Required work -
Word for word, copy the lines from the one with "Thalapathy Vijay" to the last line of the data below, counting both, and keep every picture out.
Data segment: Begin
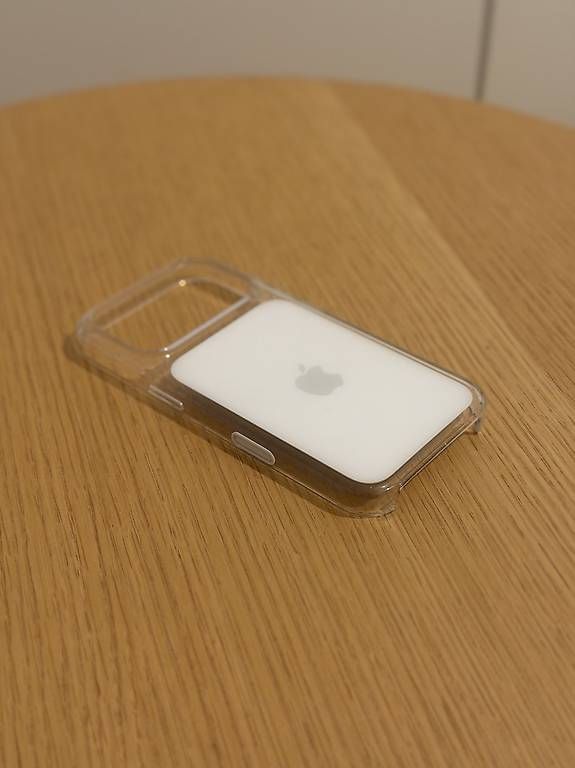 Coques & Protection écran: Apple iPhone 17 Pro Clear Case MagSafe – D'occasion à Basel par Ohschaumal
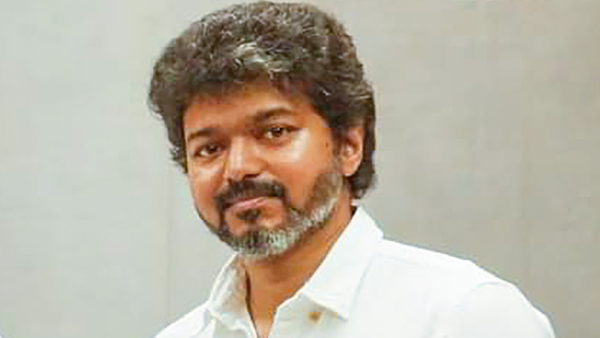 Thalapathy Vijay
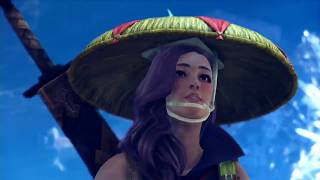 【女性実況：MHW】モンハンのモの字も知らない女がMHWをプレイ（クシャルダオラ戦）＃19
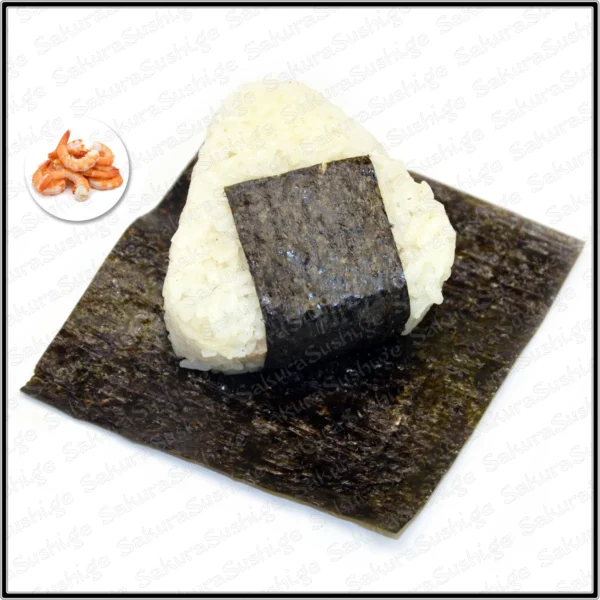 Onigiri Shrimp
Data segment: End
Answer section -
 Thalapathy Vijay
 【女性実況：MHW】モンハンのモの字も知らない女がMHWをプレイ（クシャルダオラ戦）＃19
 Onigiri Shrimp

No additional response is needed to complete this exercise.